The directory gifi.stat.ucla.edu/homals has a pdf copy of this article, the complete Rmd file with all code chunks, and R and C files with the code.

Loss Function

In the multivariate analysis techniques presented in this paper the data are measurements or categorizations of \(n\) objects by \(p\) variables. Variables are partitioned into \(m\) sets of variables, with set \(j\) containing \(p_j\) variables. Thus \(\sum_{j=1}^m p_j=p\). The number of variables in a set is also called the rank of the set.

Homogeneity Analysis, as defined in this paper, is the minimization of the loss function \[ \sigma(X,H,A)=\frac{1}{m}\sum_{j=1}^m\mathbf{SSQ}\ (X-H_jA_j),\tag{1} \] where \(\mathbf{SSQ}()\) is the sum of squares.

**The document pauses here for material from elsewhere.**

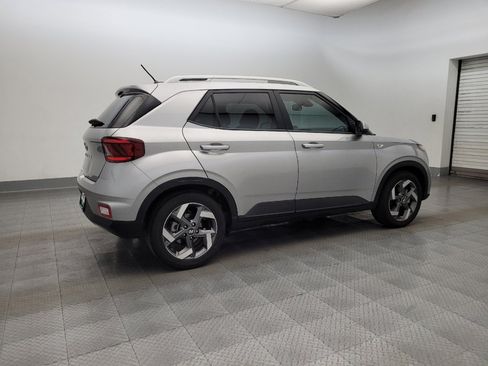 Used 2023 Hyundai Venue SEL w/ Cargo Package FWD image 10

The loss function depends on three sets of parameters \(X, H\) and \(A\). One of them, the matrix \(X\), is common to all sets. The data are in the matrix \(H_j\), which codes observations on the \(p_j\) variables in set \(j\). Homogeneity analysis does not operate on the variables directly, but on admissible transformations of the variables. Matrix \(A_j\) has coefficients used to make linear combinations of the variables in set \(j\).

  1. The \(n\times r\) matrix \(X\) of object scores is required to be column-centered and normalized by \(X'X=I\). The dimensionality \(r\) is chosen by the user.
  2. The \(n\times p_j\) matrices of transformed variables \(H_j\) have columns \(h_{j\ell}\), with \(\ell=1,\cdots,p_j\). We require \(h_{j\ell}\in\mathcal{K_{j\ell}}\cap\mathcal{S}\), where \(\mathcal{K}_{j\ell}\) is a cone of admissible transformations and \(\mathcal{S}\) is the unit sphere in \(\mathbb{R}^n\). For example, \(\mathcal{K}_{j\ell}\) can be the cone of all centered vectors in \(\mathbb{R}^n\) that are monotone with the data.
  3. The \(p_j\times r\) matrices \(A_j\) of component loadings are unconstrained.

Thus we make linear combinations of the transformed variables in such a way that the set scores \(H_jA_j\) are as close as possible to the object scores \(X\), and consequently as close as possible to each other. This explains the name of the technique: we want to make the \(m\) set scores as homogeneous as possible. Note that homogeneity analysis is both linear and non-linear, in the sense that it makes linear combinations of non-linear transformations of the variables.

The history of loss function (1) is complicated. Least squares and eigenvalue methods for quantifying multivariate qualitative data were introduced by Guttman (1941). They were taken up by, among others, De Leeuw (1968) and by Benzécri and his students (Cordier 1965). In this earlier work the emphasis was often on optimizing quadratic forms, or ratios of quadratic forms, and not so much on least squares, distance geometry, and so-called biplots (Gower and Hand 1996).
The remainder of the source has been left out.